§ What the task requires
The first line of the entries and each line after it, through the one that contains "Question number one: Which", are to be duplicated exactly; no picture belongs in the copy.

§ Data to process

== Segment start ==

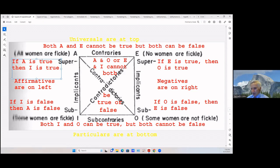All eighth graders are brilliant logicians, and some eighth graders are brilliant logicians. All eighth graders is an A statement and some eighth graders is an I statement, and it's going down so it's a sub-implication. Next: all violinists are right-handed players, and some violinists are not right-handed players. The first statement is an A statement and the second is an O statement. The line goes from A to O so it's a contradiction. Again, contradictions can't both be true or false — one has to be true and the other has to be the opposite.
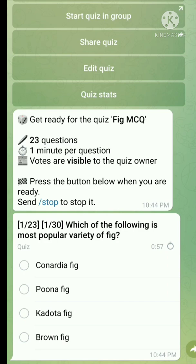Question number one: Which of the following is the most popular variety of fig? The right answer is Puna fig.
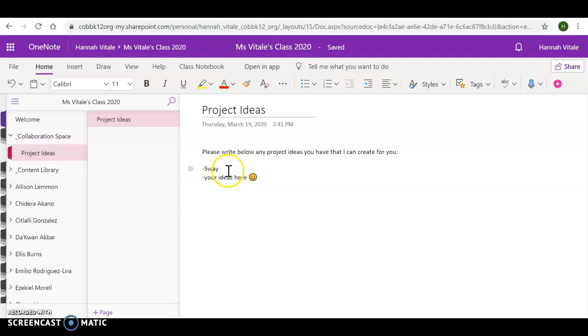But as of right now, the kiddos said they want to make a Sway project, so that will be in the works for week two.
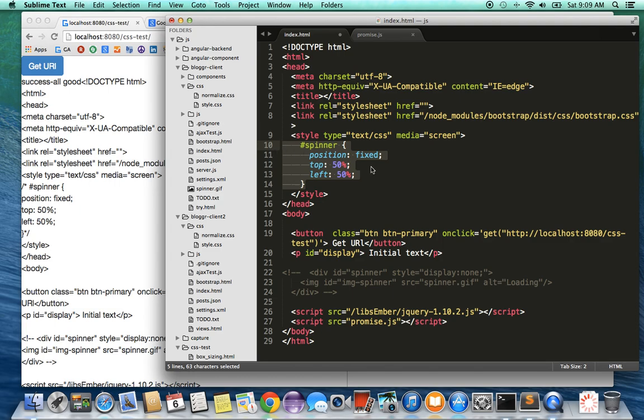Basically it says there is a spinner, position is fixed, and top and left is 50 percent. So that's the location of the spinner.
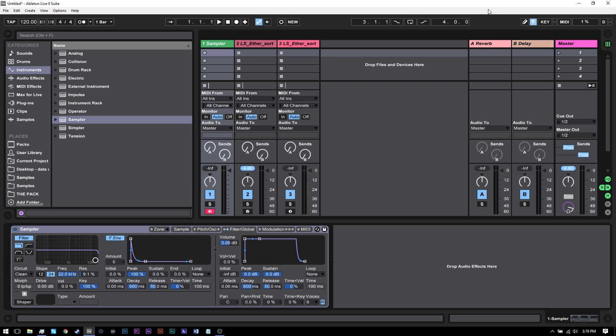Hey, what's up, everybody? This is Joshua Casper. I'm here with another Ableton Live video tutorial. Today, I'm going to show you how to get started making your own sampler instruments that you can play just like any other VSTi using your keyboard or your keyboard keys themselves.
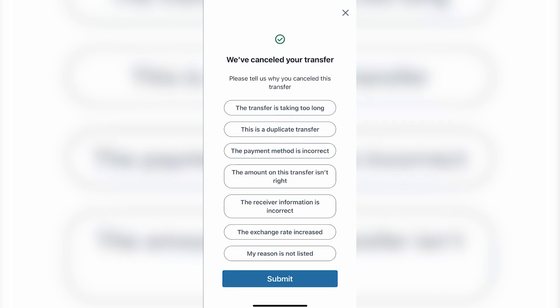The red button is 'Cancel Transfer'. Once you click on 'Cancel Transfer', Remitly will ask you why you want to cancel this transfer. So you have to select any of the reasons, or you can also select 'My reason is not listed', and click on 'Submit'. Remitly will tell you 'We have canceled your order'.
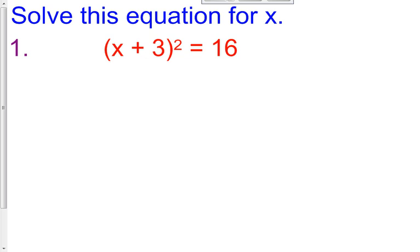Hello class, welcome to another day. For today's lesson we're going to be learning about completing the square. Completing the square is another method for solving a quadratic equation, or finding what x equals to make the left side equal the right side — finding the roots or the values of x. So far we've learned factoring and graphing. Today is our third method: completing the square.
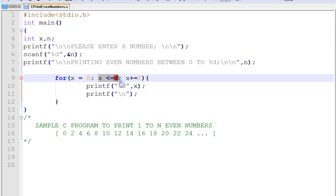Then we have a condition to check x is less than or equal to 25, for example, and we will increment x by 2, so that we will get even numbers.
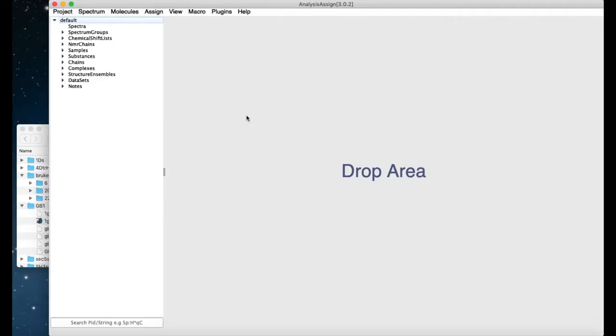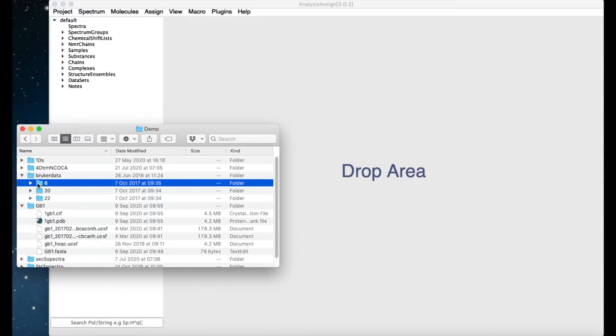To get started, you can read in your spectrum either by going to Spectrum and then Load Spectra, or you can just go to your file browser and take hold of a spectrum. In the case of Bruker data, a whole folder if you like, and drag it into the program.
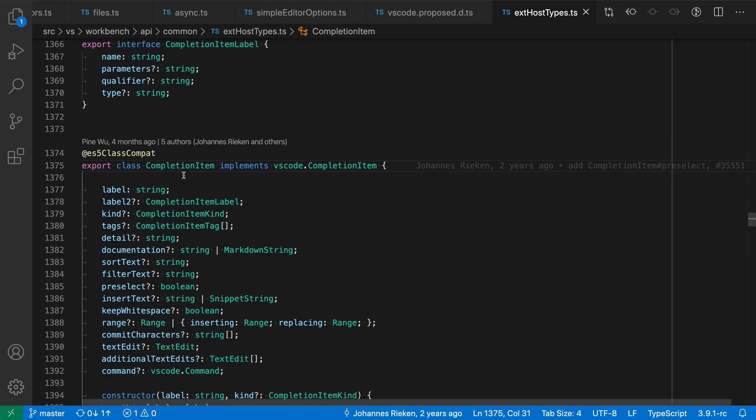So in this case my cursor is on this line and we can see that this was last changed by this author this amount of time ago and here's some additional metadata about the commit itself.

== Segment end ==

§ Reply to the exercise
All eighth graders are brilliant logicians, and some eighth graders are brilliant logicians. All eighth graders is an A statement and some eighth graders is an I statement, and it's going down so it's a sub-implication. Next: all violinists are right-handed players, and some violinists are not right-handed players. The first statement is an A statement and the second is an O statement. The line goes from A to O so it's a contradiction. Again, contradictions can't both be true or false — one has to be true and the other has to be the opposite.
Question number one: Which of the following is the most popular variety of fig? The right answer is Puna fig.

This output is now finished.